9. After 2 minutes, add the chopped chestnuts and the maple syrup to the celery and cook together until incorporated.
10. Finish the chestnuts with the sage and season with salt and pepper.
11. Spoon the chestnut mixture over the sweet potatoes and serve.
Note: The Maker’s Mark® Bourbon added at the end pairs well with the natural sweetness of the potatoes, and gives them a heady bourbon accent.
Double-Nut Pecan Pie
(Recipe courtesy of Elizabeth Karmel, Executive Chef, Hill Country Barbecue Market)
Prep Time: 2 hours
Cook Time: 1 hour
2 tablespoons Maker’s Mark® Bourbon
1 cup whole pecans
3/4 cup chopped pecans
2 tablespoons unsalted butter, melted
1/2 cup granulated white sugar
1/2 cup dark corn syrup
1/4 cup light corn syrup
3 large eggs
1 teaspoon pure vanilla extract
1 pre-baked 9-inch pie shell*
1. Preheat oven to 350 degrees F.
2. Put chopped nuts into the bottom of the prebaked pie shell and set aside.

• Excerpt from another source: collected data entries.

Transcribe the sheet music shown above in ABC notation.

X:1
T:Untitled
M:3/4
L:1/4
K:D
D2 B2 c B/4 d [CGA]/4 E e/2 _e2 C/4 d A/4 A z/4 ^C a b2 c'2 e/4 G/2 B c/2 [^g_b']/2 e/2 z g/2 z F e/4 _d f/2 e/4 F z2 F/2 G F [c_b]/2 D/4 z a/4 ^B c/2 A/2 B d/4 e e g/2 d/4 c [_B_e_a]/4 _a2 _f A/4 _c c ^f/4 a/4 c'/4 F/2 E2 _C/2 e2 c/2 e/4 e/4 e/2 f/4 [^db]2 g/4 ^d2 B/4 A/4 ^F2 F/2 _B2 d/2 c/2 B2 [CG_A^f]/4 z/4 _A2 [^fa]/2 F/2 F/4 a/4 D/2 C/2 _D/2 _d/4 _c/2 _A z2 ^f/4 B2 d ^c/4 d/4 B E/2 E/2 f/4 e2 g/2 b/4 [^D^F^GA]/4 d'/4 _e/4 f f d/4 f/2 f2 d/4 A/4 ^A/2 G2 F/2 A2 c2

3. Combine melted butter, granulated sugar, the dark and light corn syrups, eggs, vanilla extract and Maker’s Mark® Bourbon.
4. Pour this mixture on top of chopped nuts. Place a decorative row of whole pecans on the top.
5. Bake about 50-60 minutes on the center rack of the oven or until cooked through. The pie will spring back on top but still jiggle a little until it cools. If the top is getting too dark before the center is done, tent with aluminum foil.
6. Cool for a minimum of three hours. The pie is best made the day before.
*Note: Pre bake the pie shell according to package directions at least two hours beforehand to allow time to cool.
Note: The classic pecan pie made better with the addition of both chopped and whole pecans and a splash of both vanilla and bourbon. Serve with Maker’s Mark®-spiked whipped cream for a double treat!